While Reliance did not disclose plans for 2013-14, analysts say it will be investing a massive $28 billion (Rs 151,000 crore) in its core oil, gas, refining and petrochem sectors in the next five years.
“In the telecom space, RIL refrained from bidding in the 900 MHz auction, which, in our eyes, suggests discipline on capital employed. This had been our key concern earlier, which we now believe is largely resolved,” says Morgan Stanley’s Vinay Jaising. The telecom business will receive Rs 2,700 crore a year for the rollout of services, while retail will receive investments of close to Rs 3,800 crore a year.
While analysts are wary about Reliance investing cash in the "unrelated" retail and telecom sectors, insiders say of these two, retail would break even by this month-end.
“Reliance intends to invest aggressively in its non-core business such as telecommunication/internet and retail sectors. These segments are viewed as important growth engines for the company in the coming years. As such, RIL is expected to be a beneficiary of the above proposal to the extent of investment allowance claim expected to be made by the company in FY14 and FY15,” said D R Dogra, head of CARE Ratings.

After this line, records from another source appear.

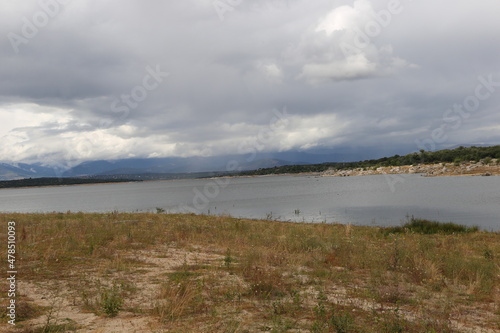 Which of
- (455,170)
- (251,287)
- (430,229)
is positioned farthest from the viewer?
(455,170)

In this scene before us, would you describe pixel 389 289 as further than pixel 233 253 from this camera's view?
No

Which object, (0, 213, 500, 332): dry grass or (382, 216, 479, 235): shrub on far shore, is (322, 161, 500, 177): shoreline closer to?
(382, 216, 479, 235): shrub on far shore

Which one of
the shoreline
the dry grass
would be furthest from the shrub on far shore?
the shoreline

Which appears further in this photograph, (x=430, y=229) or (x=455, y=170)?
(x=455, y=170)

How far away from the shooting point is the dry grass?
761 centimetres

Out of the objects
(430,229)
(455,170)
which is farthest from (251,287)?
(455,170)

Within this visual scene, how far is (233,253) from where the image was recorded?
50.8 ft

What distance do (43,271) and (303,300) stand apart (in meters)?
9.11

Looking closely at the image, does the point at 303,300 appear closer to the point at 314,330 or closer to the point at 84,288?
the point at 314,330

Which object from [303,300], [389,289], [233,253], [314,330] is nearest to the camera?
[314,330]

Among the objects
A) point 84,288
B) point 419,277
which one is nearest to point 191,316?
point 84,288

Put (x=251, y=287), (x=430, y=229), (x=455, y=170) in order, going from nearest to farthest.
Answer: (x=251, y=287) → (x=430, y=229) → (x=455, y=170)

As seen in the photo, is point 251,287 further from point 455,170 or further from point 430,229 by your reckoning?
point 455,170

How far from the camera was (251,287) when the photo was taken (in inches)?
396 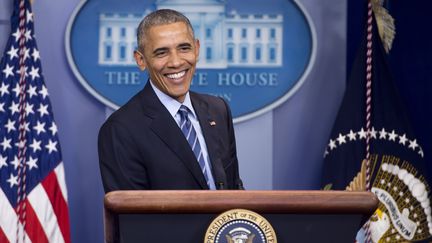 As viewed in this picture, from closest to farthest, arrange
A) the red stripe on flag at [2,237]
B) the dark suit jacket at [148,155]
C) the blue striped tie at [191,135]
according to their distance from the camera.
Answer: the dark suit jacket at [148,155], the blue striped tie at [191,135], the red stripe on flag at [2,237]

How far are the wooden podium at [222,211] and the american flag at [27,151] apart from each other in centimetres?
170

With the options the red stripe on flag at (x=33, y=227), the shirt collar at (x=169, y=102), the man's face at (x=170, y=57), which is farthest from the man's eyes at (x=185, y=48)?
the red stripe on flag at (x=33, y=227)

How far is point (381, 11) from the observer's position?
345 cm

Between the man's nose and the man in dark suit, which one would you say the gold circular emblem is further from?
the man's nose

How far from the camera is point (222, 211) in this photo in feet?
5.25

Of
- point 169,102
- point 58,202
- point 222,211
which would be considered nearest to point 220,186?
point 169,102

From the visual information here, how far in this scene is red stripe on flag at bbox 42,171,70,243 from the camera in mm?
3305

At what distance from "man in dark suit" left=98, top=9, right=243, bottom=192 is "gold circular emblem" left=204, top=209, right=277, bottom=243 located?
1.55 ft

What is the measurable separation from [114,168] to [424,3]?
1997 mm

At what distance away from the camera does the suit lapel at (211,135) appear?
2145 mm

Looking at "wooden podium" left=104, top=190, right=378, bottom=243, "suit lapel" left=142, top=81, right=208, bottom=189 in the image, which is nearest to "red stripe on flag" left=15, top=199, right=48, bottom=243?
"suit lapel" left=142, top=81, right=208, bottom=189

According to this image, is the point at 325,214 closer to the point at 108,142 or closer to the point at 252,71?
the point at 108,142

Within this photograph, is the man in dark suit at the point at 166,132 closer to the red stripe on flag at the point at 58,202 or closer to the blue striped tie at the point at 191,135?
the blue striped tie at the point at 191,135

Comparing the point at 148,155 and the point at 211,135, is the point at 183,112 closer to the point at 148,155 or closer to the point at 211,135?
the point at 211,135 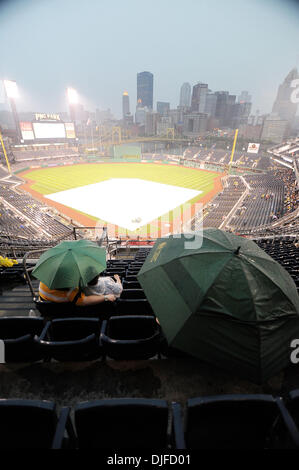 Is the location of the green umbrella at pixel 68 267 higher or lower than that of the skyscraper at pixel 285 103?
lower

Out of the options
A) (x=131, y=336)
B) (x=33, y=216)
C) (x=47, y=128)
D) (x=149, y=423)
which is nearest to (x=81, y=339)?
(x=131, y=336)

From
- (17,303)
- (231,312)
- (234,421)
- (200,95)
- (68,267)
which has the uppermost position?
(200,95)

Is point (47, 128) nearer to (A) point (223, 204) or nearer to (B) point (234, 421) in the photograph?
(A) point (223, 204)

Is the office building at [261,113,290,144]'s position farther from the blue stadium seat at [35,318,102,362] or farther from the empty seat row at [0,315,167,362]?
the blue stadium seat at [35,318,102,362]

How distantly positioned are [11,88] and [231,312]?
242 ft

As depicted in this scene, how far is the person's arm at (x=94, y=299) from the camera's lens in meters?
3.40

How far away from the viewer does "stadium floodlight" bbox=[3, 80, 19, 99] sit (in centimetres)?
5206

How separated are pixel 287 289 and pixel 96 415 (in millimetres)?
2304

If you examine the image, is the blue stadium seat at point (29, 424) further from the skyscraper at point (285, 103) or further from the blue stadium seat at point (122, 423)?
the skyscraper at point (285, 103)

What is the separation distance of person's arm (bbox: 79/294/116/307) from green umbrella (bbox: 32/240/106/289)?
26 cm

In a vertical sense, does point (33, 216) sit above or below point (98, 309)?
below

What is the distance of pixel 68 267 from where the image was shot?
3.32m

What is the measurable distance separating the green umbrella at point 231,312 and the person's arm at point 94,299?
115 cm

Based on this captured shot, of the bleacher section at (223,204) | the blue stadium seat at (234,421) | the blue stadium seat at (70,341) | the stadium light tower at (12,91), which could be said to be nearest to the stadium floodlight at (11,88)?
the stadium light tower at (12,91) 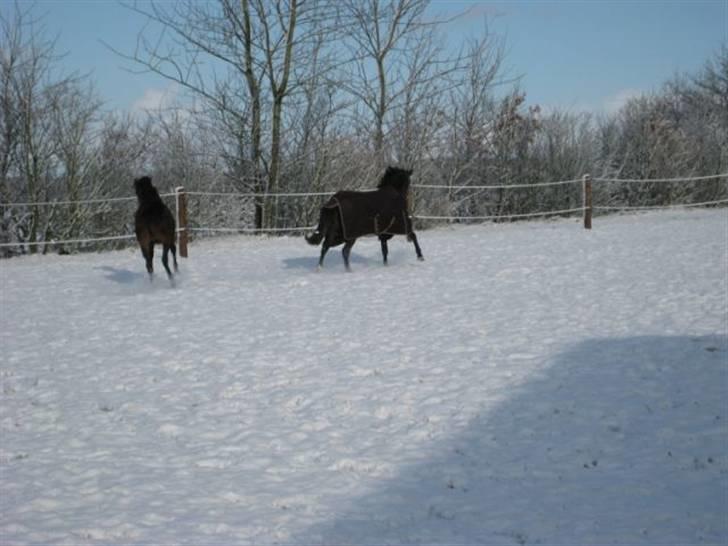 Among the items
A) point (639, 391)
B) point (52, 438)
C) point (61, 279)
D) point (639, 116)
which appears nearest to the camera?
point (52, 438)

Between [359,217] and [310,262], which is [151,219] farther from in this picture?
[310,262]

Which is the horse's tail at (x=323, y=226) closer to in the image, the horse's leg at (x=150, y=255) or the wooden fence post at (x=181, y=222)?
the horse's leg at (x=150, y=255)

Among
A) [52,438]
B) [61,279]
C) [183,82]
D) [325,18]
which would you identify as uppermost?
[325,18]

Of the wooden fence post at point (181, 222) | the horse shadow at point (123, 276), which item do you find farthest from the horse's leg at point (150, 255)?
the wooden fence post at point (181, 222)

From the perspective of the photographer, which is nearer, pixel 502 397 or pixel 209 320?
pixel 502 397

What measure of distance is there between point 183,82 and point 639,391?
15.5 meters

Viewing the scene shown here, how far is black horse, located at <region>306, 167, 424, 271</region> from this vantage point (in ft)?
34.8

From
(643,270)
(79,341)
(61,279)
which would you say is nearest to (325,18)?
(61,279)

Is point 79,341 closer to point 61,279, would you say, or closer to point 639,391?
point 61,279

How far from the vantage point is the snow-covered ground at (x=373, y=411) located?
11.6 ft

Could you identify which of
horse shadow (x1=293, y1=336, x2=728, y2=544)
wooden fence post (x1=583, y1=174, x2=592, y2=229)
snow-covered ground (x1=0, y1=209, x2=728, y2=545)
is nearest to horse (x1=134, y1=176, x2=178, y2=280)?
snow-covered ground (x1=0, y1=209, x2=728, y2=545)

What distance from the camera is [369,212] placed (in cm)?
1070

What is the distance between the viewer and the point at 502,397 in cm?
529

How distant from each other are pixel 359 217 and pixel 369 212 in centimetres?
19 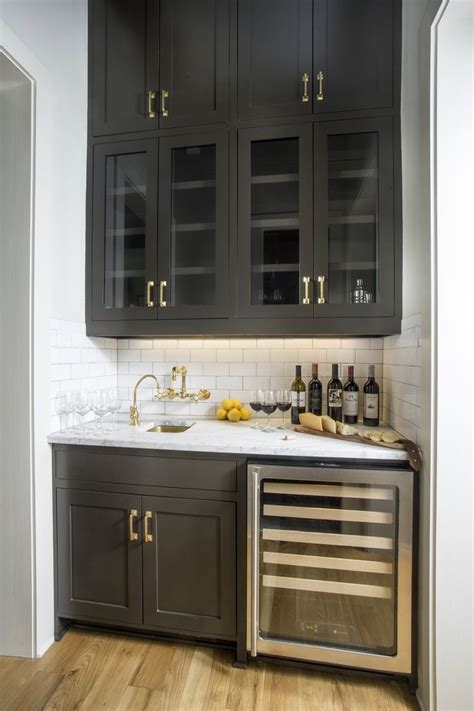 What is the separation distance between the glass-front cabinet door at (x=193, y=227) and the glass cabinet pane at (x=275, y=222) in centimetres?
16

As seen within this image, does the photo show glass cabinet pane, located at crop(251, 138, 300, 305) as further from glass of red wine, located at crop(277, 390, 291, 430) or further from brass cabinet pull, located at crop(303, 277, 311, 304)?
glass of red wine, located at crop(277, 390, 291, 430)

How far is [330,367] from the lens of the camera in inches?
86.6

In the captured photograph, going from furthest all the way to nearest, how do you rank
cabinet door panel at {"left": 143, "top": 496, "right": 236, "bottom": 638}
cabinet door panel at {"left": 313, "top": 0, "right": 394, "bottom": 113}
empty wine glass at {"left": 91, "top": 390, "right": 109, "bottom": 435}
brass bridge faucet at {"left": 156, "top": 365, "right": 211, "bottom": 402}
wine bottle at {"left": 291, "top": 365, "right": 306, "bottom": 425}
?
brass bridge faucet at {"left": 156, "top": 365, "right": 211, "bottom": 402}, wine bottle at {"left": 291, "top": 365, "right": 306, "bottom": 425}, empty wine glass at {"left": 91, "top": 390, "right": 109, "bottom": 435}, cabinet door panel at {"left": 313, "top": 0, "right": 394, "bottom": 113}, cabinet door panel at {"left": 143, "top": 496, "right": 236, "bottom": 638}

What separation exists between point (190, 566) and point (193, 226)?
1658mm

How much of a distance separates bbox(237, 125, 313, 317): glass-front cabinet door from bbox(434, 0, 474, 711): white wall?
612 mm

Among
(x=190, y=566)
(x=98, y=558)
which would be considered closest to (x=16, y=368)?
(x=98, y=558)

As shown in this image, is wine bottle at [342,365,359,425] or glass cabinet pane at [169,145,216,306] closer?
glass cabinet pane at [169,145,216,306]

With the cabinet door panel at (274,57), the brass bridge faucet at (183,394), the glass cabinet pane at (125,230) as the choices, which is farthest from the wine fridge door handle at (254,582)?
the cabinet door panel at (274,57)

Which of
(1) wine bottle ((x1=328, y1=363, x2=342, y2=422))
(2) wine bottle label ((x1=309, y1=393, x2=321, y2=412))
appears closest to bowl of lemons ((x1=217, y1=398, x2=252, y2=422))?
(2) wine bottle label ((x1=309, y1=393, x2=321, y2=412))

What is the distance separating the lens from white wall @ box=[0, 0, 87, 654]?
1661 mm

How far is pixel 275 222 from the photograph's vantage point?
6.07 feet

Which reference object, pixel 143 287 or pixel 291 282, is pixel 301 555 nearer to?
pixel 291 282

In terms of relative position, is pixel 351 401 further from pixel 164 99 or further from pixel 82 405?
pixel 164 99

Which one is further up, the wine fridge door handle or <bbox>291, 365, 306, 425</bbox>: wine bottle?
<bbox>291, 365, 306, 425</bbox>: wine bottle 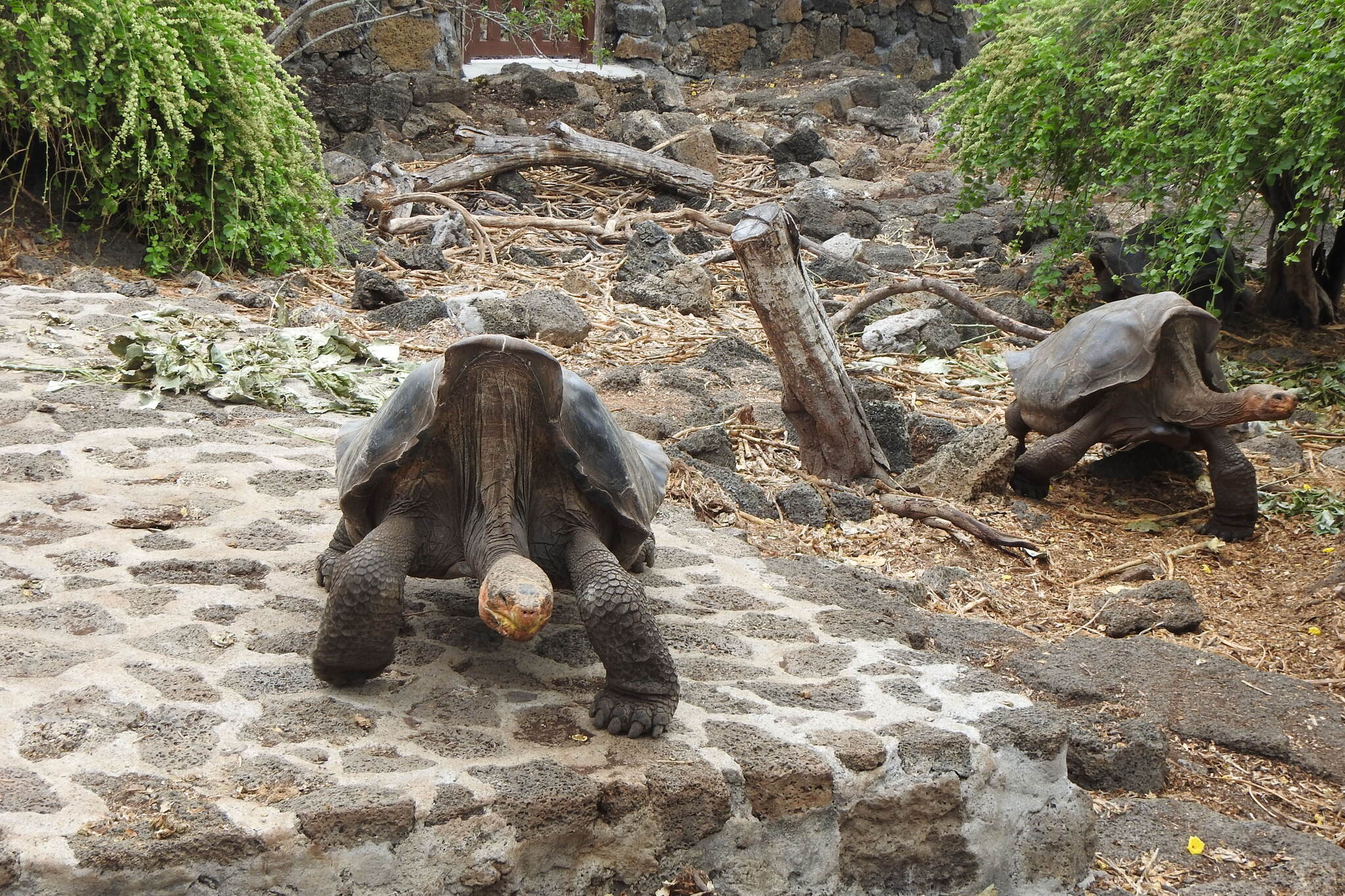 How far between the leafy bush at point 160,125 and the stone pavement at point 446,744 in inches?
146

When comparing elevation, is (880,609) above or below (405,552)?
below

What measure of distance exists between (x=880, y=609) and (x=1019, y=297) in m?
5.75

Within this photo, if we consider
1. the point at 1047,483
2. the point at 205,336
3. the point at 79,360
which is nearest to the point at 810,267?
the point at 1047,483

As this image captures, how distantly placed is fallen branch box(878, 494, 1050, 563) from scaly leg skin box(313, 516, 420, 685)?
293cm

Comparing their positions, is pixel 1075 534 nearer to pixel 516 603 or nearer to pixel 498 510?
pixel 498 510

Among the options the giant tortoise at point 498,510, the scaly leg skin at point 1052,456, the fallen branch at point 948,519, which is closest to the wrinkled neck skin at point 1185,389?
the scaly leg skin at point 1052,456

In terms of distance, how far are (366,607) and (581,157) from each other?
398 inches

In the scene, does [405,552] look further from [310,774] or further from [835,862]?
[835,862]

Reliance insiders say a part of the cash in the telecom business will be used to set up a tower company and the company is open to offer a part of the stake to a foreign partner. Media reports say Reliance is in talks with AT&T to sell 25 per cent stake but an RIL official said nothing had been finalised on any partner or the valuation of the company.
After several rounds of restructuring in the top management at the retail sector, RIL is investing in the expansion from the present 1,400 stores. As of now, Reliance has a retail space of eight million sq ft, next to the largest retailer, Pantaloon, with 16 million sq ft.
Insiders say existing stores are seeing growth between 10 per cent yearly for garments and 25 per cent for foods, and that scalability of existing stores is a key profit driver. Group chairman Mukesh Ambani has set a target of $8-9 billion turnover by FY16, a highly ambitious annual growth of 50 per cent.